In 1941, Konigshofer redesigned the Pine Inn's restaurant dining room and the La Playa Hotel. Landscape architect Thomas Church and Konigshofer worked on Monterey Peninsula projects together from the 1940s to the 1950s, such as the Carmel's Mayfair Apartments (1941), and Robert Buckner's Pebble Beach house (1947). The January 1947, Sunset Magazine featured one of Konigshofer's five Mayfair studio apartments with photographs of the floorplan, exterior covered walkway, and interior with corner fireplace.

Konigshofer was not licensed or formally educated in architecture, yet the Herald observed that his buildings "attracted as much comment and praise in the architectural world as those designed by many a high-ranking degreed architect." Frank Lloyd Wright hired Konigshofer to oversee the construction of Hollywood producer John Nesbitt's House at Cypress Point, Pebble Beach, California. The plans were completed in 1940 but not executed.

In 1941, Konigshofer designed the Sand and Sea complex, consisting of five residences and a garage with an upstairs studio. This complex blends elements of West Coast regionalism and Bay Area Tradition modernistic styles. The January 1947, Sunset Magazine featured one of the five houses with photographs of the floor design, exterior redwood siding, and interior with high ceilings.

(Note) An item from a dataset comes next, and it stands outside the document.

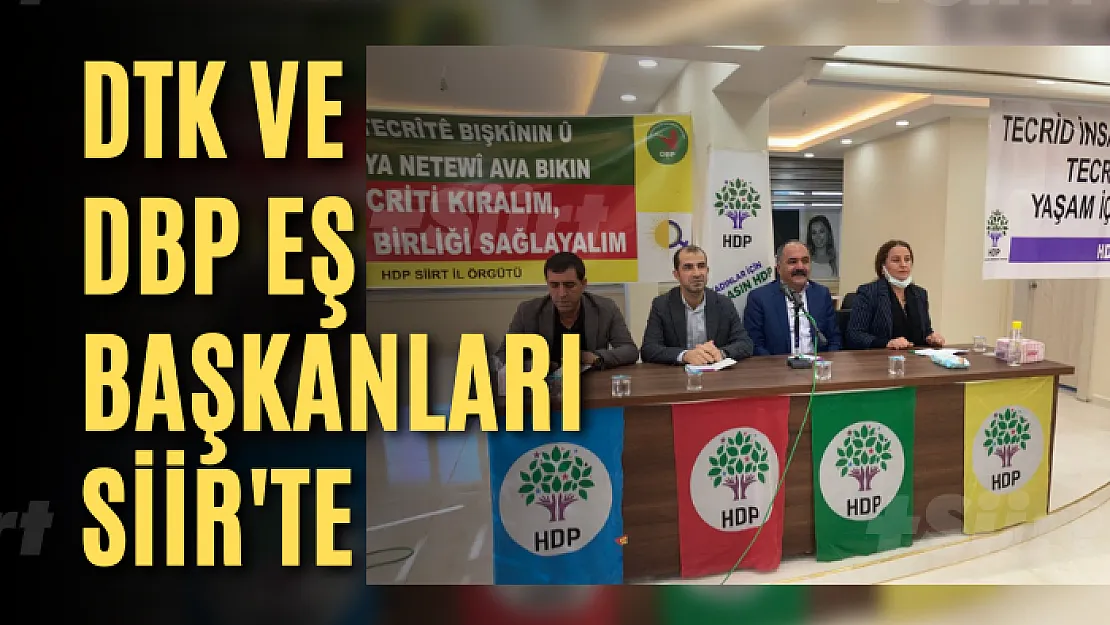 DTK ve DBP Eş Başkanları Siirt'te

Konigshofer built a modern circular one-story house for film producer Robert Buckner in 1947 in Pebble Beach. Its design included eaves for shading and a concrete patio that wrapped around much of the structure. This residence appeared in an advertisement for Kimsul Blanket Insulation, manufactured by the Kimberly-Clark. In a published letter within the advertisement, Konigshofer expressed his aim to demonstrate that cost-effective homes could be swiftly constructed while maintaining an appealing design. The Robert Buckner residence was among fifty-three houses showcased in the 1949 San Francisco Museum of Modern Art exhibition, titled "Domestic Architecture of the San Francisco Bay Region." It was also featured in Architectural Forum with photographs of the semicircular layout, floorpan, and interiors. In the January 1949 issue of House Beautiful, the house was described as "born of open-mindedness" and envisioned as a testing ground for new ideas on human shelter.

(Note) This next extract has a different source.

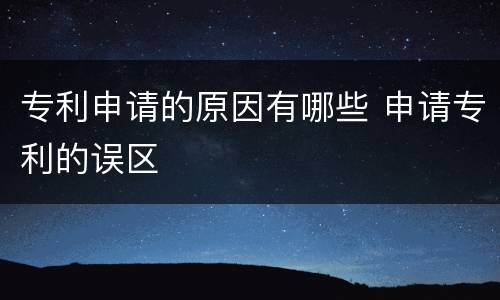 专利申请的原因有哪些 申请专利的误区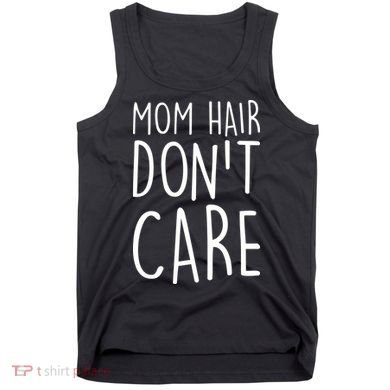 Mom Hair Don't Care Tank Top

In 1948, Konigshofer designed a two-story for Carmel mayor Keith Evans at 2969 Franciscan Way in Carmel. The "Hillside House" was featured in Life magazine on March 17, 1952, and in House Beautiful in January 1950. He used modern prefabricate materials on a hillside lot and is as an example of affordable residential housing under $10,000. The Keith Evans house is an example of the Bay Area Tradition architectural style.

==Death==
Konigshofer died of cancer on October 13, 1990, in Monterey, California.